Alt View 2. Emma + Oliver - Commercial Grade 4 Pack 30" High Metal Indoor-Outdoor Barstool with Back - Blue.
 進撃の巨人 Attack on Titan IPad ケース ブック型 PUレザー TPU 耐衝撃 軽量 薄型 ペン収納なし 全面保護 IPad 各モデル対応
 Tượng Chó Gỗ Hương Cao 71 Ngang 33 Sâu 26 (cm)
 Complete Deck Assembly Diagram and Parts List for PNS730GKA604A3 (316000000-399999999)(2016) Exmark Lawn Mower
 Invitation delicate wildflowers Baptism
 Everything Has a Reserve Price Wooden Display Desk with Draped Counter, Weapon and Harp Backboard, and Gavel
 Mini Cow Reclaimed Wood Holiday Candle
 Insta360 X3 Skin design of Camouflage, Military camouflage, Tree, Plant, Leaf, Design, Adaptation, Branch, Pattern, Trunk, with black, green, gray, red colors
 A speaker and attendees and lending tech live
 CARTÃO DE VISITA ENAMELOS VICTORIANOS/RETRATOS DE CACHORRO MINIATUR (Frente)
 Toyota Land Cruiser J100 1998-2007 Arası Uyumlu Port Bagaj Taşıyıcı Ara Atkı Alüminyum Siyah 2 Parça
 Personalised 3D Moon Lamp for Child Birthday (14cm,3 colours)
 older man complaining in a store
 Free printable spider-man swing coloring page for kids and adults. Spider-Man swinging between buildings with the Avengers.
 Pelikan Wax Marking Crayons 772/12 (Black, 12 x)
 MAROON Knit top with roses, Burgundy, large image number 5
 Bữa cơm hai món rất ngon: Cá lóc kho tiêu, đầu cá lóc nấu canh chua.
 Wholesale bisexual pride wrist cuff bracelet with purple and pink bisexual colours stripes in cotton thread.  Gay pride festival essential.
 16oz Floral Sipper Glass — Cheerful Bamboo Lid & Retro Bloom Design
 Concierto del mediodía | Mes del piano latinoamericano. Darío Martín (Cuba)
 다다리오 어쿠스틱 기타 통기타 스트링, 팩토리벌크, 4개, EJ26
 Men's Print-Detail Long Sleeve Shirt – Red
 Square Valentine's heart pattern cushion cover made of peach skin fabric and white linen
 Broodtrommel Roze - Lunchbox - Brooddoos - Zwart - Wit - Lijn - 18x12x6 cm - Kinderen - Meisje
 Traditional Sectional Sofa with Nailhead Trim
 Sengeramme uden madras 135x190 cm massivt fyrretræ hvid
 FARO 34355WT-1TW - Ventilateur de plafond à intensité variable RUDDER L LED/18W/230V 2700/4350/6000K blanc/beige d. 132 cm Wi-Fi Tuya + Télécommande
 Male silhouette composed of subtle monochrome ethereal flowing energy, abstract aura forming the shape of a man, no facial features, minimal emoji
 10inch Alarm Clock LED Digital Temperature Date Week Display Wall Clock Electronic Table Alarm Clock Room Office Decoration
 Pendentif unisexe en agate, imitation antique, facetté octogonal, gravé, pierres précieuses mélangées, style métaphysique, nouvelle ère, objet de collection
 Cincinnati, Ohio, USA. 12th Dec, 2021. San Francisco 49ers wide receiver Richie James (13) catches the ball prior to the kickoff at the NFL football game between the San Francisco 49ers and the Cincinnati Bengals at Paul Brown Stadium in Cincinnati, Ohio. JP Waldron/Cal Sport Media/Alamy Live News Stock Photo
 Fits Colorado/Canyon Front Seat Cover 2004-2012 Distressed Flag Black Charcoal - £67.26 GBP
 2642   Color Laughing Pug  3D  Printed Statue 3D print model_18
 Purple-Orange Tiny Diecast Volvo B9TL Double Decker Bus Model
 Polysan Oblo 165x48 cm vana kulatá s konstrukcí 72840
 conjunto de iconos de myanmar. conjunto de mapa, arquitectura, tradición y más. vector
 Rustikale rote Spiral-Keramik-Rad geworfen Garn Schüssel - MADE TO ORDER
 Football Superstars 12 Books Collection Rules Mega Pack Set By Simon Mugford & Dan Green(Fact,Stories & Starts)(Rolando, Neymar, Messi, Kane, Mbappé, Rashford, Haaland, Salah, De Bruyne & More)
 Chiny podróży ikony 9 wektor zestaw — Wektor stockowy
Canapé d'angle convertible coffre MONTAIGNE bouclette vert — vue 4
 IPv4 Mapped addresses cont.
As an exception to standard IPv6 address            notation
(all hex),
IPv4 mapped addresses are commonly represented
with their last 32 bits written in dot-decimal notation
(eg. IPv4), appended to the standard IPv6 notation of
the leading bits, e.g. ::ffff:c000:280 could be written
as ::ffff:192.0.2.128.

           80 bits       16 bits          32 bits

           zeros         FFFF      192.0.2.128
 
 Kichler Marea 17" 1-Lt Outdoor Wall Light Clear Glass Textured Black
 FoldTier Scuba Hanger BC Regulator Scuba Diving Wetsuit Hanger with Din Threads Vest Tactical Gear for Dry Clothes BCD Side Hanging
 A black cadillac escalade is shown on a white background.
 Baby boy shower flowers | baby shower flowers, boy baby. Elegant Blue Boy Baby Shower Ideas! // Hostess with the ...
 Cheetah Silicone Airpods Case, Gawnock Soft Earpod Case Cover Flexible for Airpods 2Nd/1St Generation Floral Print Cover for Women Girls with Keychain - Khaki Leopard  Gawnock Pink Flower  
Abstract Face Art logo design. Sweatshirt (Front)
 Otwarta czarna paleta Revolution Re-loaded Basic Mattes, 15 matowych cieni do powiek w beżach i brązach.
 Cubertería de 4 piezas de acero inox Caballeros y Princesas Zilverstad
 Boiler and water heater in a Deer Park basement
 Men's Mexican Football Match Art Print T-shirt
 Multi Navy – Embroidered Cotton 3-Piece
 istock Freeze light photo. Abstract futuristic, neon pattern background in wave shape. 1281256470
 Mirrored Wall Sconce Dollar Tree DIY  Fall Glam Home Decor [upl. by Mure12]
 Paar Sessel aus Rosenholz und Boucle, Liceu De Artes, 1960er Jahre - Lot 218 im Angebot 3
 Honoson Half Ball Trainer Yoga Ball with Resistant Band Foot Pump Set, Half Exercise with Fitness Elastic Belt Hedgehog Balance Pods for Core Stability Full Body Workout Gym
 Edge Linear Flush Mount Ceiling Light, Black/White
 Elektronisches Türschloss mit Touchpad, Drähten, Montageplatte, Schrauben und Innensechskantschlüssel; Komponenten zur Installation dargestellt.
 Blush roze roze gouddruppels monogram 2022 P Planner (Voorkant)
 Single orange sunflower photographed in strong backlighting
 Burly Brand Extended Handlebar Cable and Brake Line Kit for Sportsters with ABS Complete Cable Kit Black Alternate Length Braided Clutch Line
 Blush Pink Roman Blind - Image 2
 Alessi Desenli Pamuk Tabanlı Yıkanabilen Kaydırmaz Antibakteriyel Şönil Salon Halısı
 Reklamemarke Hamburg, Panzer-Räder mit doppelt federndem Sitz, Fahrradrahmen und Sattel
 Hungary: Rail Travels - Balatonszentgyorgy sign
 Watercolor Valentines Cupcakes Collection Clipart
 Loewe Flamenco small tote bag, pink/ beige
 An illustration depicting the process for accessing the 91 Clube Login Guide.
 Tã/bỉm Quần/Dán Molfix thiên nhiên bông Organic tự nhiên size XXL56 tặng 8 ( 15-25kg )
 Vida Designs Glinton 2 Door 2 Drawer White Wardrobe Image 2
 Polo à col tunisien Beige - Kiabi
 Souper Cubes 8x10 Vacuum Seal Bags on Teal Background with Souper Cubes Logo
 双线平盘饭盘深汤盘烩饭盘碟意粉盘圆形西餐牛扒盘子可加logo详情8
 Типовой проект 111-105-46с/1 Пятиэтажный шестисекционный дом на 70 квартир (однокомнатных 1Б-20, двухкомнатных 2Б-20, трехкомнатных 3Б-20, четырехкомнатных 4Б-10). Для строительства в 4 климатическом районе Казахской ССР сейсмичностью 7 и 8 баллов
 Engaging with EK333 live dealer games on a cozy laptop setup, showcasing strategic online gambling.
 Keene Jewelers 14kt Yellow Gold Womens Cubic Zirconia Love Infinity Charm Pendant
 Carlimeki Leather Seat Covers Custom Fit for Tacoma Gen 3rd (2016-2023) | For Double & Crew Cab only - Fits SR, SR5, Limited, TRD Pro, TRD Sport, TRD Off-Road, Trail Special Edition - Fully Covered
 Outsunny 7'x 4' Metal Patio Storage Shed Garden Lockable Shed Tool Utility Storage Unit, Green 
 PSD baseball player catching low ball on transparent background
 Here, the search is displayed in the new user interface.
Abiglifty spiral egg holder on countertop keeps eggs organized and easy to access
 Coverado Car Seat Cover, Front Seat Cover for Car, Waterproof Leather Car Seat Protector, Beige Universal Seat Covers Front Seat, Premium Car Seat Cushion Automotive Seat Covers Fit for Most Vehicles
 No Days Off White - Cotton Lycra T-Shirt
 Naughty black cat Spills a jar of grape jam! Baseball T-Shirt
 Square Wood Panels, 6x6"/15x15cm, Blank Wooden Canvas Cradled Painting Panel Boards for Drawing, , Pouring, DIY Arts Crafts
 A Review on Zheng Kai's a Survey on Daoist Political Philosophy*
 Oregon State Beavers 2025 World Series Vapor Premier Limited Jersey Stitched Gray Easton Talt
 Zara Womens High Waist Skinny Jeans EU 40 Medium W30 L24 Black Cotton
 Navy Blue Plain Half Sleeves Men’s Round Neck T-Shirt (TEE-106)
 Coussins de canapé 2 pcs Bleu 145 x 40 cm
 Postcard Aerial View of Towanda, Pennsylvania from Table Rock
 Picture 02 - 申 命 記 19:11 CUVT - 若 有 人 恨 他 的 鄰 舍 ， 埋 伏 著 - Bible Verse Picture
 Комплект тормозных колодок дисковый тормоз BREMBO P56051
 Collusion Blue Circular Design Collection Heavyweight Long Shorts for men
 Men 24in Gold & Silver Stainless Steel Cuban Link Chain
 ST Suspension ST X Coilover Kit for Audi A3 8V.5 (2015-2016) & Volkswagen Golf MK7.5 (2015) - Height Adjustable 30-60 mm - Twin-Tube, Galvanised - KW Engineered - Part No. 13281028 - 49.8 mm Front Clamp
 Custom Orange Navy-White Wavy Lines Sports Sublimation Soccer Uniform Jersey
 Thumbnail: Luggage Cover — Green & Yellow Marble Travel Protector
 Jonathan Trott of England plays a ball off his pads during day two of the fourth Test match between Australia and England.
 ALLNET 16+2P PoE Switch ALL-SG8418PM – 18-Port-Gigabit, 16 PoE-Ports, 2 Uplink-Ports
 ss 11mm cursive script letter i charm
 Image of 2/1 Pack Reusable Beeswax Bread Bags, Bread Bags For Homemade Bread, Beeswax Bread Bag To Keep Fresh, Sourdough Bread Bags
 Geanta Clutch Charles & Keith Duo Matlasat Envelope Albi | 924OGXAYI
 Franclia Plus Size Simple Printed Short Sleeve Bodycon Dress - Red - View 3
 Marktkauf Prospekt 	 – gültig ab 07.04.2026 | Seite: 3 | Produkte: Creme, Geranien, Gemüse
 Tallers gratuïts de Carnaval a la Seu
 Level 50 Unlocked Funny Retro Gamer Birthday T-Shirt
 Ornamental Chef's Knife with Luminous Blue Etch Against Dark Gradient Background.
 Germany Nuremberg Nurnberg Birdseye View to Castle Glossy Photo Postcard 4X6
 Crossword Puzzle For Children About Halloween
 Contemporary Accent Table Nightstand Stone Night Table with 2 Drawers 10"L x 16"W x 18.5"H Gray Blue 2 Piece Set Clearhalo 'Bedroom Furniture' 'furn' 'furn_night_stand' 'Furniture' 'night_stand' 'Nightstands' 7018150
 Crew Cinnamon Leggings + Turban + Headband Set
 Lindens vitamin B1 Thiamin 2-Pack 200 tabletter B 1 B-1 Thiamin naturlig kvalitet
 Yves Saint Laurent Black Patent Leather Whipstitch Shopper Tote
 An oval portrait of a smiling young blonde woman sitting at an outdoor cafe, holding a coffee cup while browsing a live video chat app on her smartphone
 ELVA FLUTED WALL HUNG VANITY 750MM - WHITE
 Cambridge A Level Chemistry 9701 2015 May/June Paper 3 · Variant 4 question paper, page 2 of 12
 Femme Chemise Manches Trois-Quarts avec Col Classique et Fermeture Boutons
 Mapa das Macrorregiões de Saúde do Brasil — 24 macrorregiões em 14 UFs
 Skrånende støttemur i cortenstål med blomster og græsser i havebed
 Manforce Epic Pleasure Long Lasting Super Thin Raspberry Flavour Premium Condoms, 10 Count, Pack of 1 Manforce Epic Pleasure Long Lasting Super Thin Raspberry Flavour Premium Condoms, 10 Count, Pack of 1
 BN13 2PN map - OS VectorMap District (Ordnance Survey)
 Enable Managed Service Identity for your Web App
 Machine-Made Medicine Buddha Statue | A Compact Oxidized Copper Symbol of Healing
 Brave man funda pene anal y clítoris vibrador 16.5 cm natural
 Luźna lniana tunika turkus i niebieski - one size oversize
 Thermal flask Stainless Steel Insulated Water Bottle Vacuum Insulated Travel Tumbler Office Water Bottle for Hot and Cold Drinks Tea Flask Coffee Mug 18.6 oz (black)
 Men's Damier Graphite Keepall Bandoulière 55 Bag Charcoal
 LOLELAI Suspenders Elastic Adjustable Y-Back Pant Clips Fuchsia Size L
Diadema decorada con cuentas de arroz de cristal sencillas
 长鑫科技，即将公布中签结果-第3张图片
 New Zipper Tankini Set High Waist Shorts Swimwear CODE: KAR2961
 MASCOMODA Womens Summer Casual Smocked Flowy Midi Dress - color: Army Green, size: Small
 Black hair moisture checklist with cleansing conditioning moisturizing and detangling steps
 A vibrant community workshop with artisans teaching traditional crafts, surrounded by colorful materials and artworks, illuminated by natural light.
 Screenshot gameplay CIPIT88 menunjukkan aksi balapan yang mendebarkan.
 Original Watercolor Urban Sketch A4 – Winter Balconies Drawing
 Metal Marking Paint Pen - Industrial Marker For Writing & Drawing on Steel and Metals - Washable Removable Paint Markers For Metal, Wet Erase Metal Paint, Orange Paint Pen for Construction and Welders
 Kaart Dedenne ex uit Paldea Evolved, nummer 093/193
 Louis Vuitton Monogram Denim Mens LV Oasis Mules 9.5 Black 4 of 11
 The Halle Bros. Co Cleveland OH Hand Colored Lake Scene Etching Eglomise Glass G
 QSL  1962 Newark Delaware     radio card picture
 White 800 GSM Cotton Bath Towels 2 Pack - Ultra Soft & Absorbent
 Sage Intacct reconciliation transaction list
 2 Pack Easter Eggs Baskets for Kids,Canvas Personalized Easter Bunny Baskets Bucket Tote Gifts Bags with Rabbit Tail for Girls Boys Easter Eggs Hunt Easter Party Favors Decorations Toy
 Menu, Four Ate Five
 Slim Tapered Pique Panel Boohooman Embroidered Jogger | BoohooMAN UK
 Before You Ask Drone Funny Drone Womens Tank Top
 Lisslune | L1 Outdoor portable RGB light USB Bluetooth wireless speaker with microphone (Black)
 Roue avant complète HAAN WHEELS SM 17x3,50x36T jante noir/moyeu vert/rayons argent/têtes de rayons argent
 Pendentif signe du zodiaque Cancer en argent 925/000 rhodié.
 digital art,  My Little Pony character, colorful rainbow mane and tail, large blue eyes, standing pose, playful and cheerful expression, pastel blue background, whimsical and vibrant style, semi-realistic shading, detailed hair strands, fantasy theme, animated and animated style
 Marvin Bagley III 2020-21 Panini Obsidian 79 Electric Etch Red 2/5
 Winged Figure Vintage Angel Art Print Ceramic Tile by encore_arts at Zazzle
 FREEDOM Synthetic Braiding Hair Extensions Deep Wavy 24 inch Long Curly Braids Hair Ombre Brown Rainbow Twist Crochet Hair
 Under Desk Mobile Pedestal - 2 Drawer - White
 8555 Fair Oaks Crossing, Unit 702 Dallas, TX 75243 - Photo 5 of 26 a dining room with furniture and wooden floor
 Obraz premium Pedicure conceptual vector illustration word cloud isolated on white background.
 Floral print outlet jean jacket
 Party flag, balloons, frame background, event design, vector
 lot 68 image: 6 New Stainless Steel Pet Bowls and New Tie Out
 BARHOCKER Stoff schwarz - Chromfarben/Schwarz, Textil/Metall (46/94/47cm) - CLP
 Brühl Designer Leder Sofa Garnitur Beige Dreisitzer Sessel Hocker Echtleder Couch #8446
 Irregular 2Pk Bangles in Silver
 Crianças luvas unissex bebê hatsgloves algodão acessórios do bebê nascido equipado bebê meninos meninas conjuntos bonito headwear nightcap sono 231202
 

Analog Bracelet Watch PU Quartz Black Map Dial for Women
+===+
◆ EXERCISE DIRECTIONS: From the records above, print exactly the lines that run from the line with "双线平盘饭盘深汤盘烩饭盘碟意粉盘圆形西餐牛扒盘子可加logo详情8" to the line with "Outsunny 7'x 4'", inclusive.

◆ EXERCISE ANSWER:
 双线平盘饭盘深汤盘烩饭盘碟意粉盘圆形西餐牛扒盘子可加logo详情8
 Типовой проект 111-105-46с/1 Пятиэтажный шестисекционный дом на 70 квартир (однокомнатных 1Б-20, двухкомнатных 2Б-20, трехкомнатных 3Б-20, четырехкомнатных 4Б-10). Для строительства в 4 климатическом районе Казахской ССР сейсмичностью 7 и 8 баллов
 Engaging with EK333 live dealer games on a cozy laptop setup, showcasing strategic online gambling.
 Keene Jewelers 14kt Yellow Gold Womens Cubic Zirconia Love Infinity Charm Pendant
 Carlimeki Leather Seat Covers Custom Fit for Tacoma Gen 3rd (2016-2023) | For Double & Crew Cab only - Fits SR, SR5, Limited, TRD Pro, TRD Sport, TRD Off-Road, Trail Special Edition - Fully Covered
 Outsunny 7'x 4' Metal Patio Storage Shed Garden Lockable Shed Tool Utility Storage Unit, Green 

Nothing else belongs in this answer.